Pelo olho se percebe quando alguém é capaz de matar -o brilho
do olho muda e fica frio, com brilho de faca, como dizia uma antiga canção; embora mais raro, fica
muito claro quando o outro se enternece por uma história que está
sendo contada e também quando
fica inteiramente indiferente a
ela. Se está louco para que a pessoa vá embora ou, ao contrário,
inventando assunto para que fique.

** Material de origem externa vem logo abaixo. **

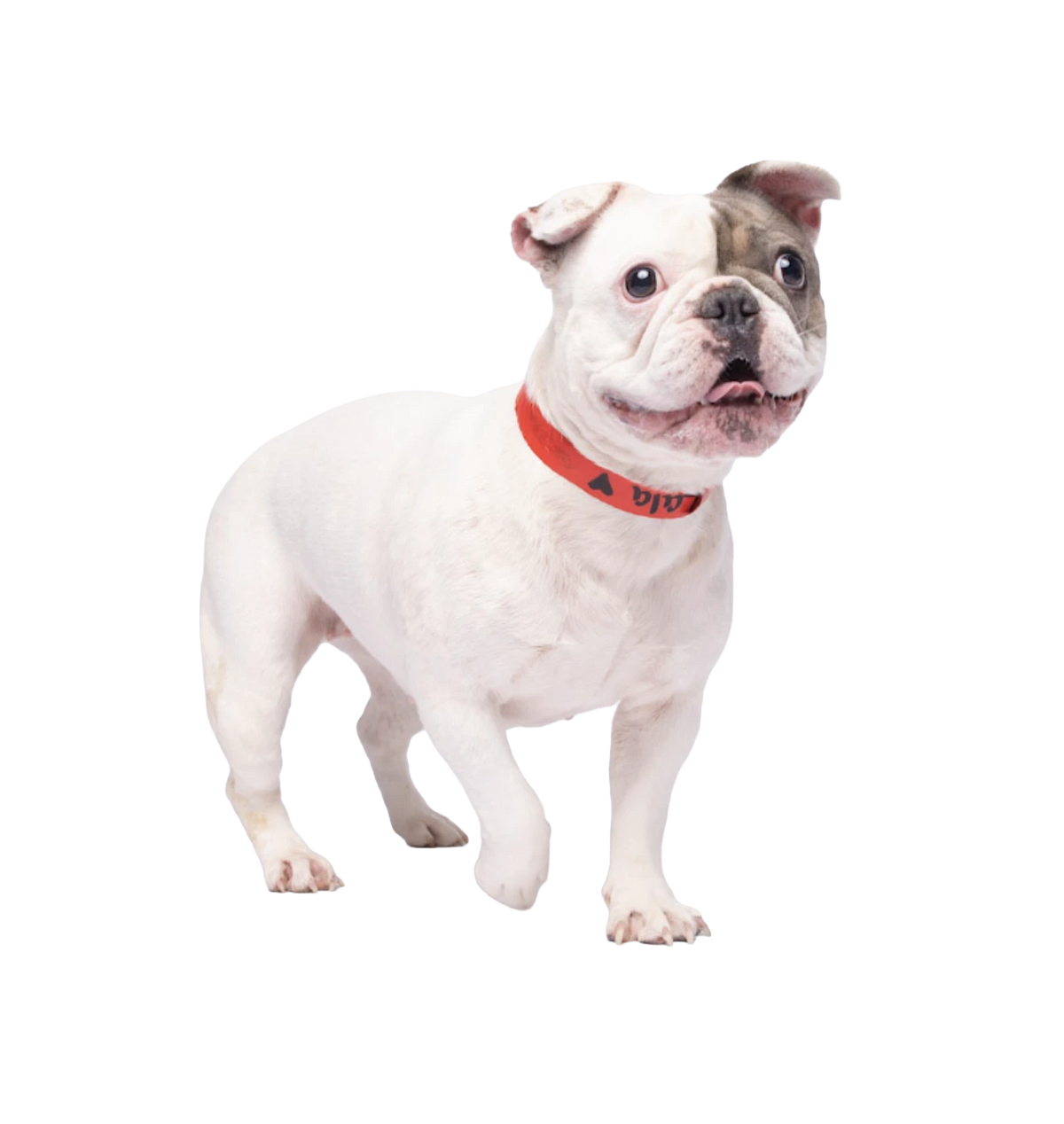 Chini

Até mesmo pelo telefone,
quando não se vê olho nenhum,
dá para sentir o clima; qualquer
clima.
Ruim mesmo é quando existe
uma relação legal entre dois amigos, por exemplo, e um deles -só
um deles- está bem de vida.
Eles, que tantas vezes trocaram
confidências, saíram para se divertir, às vezes quase choraram
um no ombro do outro -quase
porque homem não chora- por
causa de uma vadia qualquer;
mas um dia se encontram num
escritório, um dos dois precisando
de um dinheiro emprestado. Que
vai pagar, é claro, mas não sabe
exatamente quando. Nessa hora
o olho do outro muda e fica frio
como uma pedra de gelo.
Pode ser até que ele empreste
-geralmente uma quantia menor do que o outro precisa-, e
pode ser também que apresente
um papel para ser assinado. E se
for um banqueiro, ainda tem os
juros.
A partir desse momento, as relações entre os dois terão se modificado. Não deveria, mas a vida
não é o que deveria ser, mas o que
é. O que pediu o dinheiro não vai
gostar de assinar nenhum papel
em garantia do empréstimo, o
que emprestou preferiria não
misturar amizade com negócios.
Trincou, e o melhor que teria feito
o mais rico seria entregar um dinheiro na mão, mesmo menor do
que o pretendido, e dizer que é
um presente -e mesmo assim vai
trincar.
Mas tem pior -muito pior. É
quando, depois de uma relação
de muito amor e muita paixão,
um dos dois quer ir embora
-apaixonado por outra pessoa.
É claro que no início ele vai negar de pé junto, vai jurar que não
tem ninguém etc., mas quem está
sendo abandonado é sensível a
qualquer sinal, e um dia não dá
mais para negar. Até que isso
aconteça ele está olhando com remorso, por estar fazendo ela sofrer, com culpa e até pena da mulher que um dia amou. Tudo bem;
faz parte da vida, vai ser duro,
mas um dia vai aparecer outra
pessoa e esse sofrimento vai fazer
parte do passado, como tantos
outros.
Mas duro, duro mesmo, é quando ela percebe que ele olha de outro jeito. Para começar, evita;
olha só o necessário, rapidamente, para que os olhos não se encontrem durante muito tempo. Aí
vem uma conversa sobre o fim de
semana, ela pergunta se as crianças não poderiam ficar com ele, já
que ela tem que fazer a mudança,
só que o fim de semana dele já está mais do que programado.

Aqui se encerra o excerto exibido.